-- Opening Marker --

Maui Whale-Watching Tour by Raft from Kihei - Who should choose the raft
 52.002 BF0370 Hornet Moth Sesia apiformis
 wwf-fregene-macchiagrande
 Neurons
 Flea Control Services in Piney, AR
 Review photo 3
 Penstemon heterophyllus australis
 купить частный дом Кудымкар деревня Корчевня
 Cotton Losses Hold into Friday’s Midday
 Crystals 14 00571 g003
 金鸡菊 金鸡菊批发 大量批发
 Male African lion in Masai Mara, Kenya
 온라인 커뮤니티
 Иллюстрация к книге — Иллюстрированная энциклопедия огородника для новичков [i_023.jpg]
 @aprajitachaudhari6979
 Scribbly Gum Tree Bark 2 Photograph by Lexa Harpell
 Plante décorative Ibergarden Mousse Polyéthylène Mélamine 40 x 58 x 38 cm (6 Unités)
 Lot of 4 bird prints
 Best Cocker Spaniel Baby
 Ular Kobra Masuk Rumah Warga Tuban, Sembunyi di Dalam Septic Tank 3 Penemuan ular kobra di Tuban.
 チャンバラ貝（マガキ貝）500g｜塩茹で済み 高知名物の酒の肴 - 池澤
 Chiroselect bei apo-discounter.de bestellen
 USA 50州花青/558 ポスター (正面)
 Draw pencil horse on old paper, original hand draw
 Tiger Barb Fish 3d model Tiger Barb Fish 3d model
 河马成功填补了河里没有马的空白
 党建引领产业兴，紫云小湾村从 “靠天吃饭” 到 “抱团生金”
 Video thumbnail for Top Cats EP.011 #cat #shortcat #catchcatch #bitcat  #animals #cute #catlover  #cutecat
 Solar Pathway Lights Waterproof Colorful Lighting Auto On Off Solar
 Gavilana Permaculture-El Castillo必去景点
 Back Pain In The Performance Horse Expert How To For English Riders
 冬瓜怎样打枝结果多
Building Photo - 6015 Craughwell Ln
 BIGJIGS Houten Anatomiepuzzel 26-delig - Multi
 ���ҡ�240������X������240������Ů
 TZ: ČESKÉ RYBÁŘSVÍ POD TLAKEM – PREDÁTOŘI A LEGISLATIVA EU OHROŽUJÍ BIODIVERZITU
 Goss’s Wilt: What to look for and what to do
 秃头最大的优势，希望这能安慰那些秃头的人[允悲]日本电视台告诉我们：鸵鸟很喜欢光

-- Closing Marker --

> _Problem to work on_
When you output the entries, keep every word exactly as it stands.

> _Answer to this exercise_
Maui Whale-Watching Tour by Raft from Kihei - Who should choose the raft
 52.002 BF0370 Hornet Moth Sesia apiformis
 wwf-fregene-macchiagrande
 Neurons
 Flea Control Services in Piney, AR
 Review photo 3
 Penstemon heterophyllus australis
 купить частный дом Кудымкар деревня Корчевня
 Cotton Losses Hold into Friday’s Midday
 Crystals 14 00571 g003
 金鸡菊 金鸡菊批发 大量批发
 Male African lion in Masai Mara, Kenya
 온라인 커뮤니티
 Иллюстрация к книге — Иллюстрированная энциклопедия огородника для новичков [i_023.jpg]
 @aprajitachaudhari6979
 Scribbly Gum Tree Bark 2 Photograph by Lexa Harpell
 Plante décorative Ibergarden Mousse Polyéthylène Mélamine 40 x 58 x 38 cm (6 Unités)
 Lot of 4 bird prints
 Best Cocker Spaniel Baby
 Ular Kobra Masuk Rumah Warga Tuban, Sembunyi di Dalam Septic Tank 3 Penemuan ular kobra di Tuban.
 チャンバラ貝（マガキ貝）500g｜塩茹で済み 高知名物の酒の肴 - 池澤
 Chiroselect bei apo-discounter.de bestellen
 USA 50州花青/558 ポスター (正面)
 Draw pencil horse on old paper, original hand draw
 Tiger Barb Fish 3d model Tiger Barb Fish 3d model
 河马成功填补了河里没有马的空白
 党建引领产业兴，紫云小湾村从 “靠天吃饭” 到 “抱团生金”
 Video thumbnail for Top Cats EP.011 #cat #shortcat #catchcatch #bitcat  #animals #cute #catlover  #cutecat
 Solar Pathway Lights Waterproof Colorful Lighting Auto On Off Solar
 Gavilana Permaculture-El Castillo必去景点
 Back Pain In The Performance Horse Expert How To For English Riders
 冬瓜怎样打枝结果多
Building Photo - 6015 Craughwell Ln
 BIGJIGS Houten Anatomiepuzzel 26-delig - Multi
 ���ҡ�240������X������240������Ů
 TZ: ČESKÉ RYBÁŘSVÍ POD TLAKEM – PREDÁTOŘI A LEGISLATIVA EU OHROŽUJÍ BIODIVERZITU
 Goss’s Wilt: What to look for and what to do
 秃头最大的优势，希望这能安慰那些秃头的人[允悲]日本电视台告诉我们：鸵鸟很喜欢光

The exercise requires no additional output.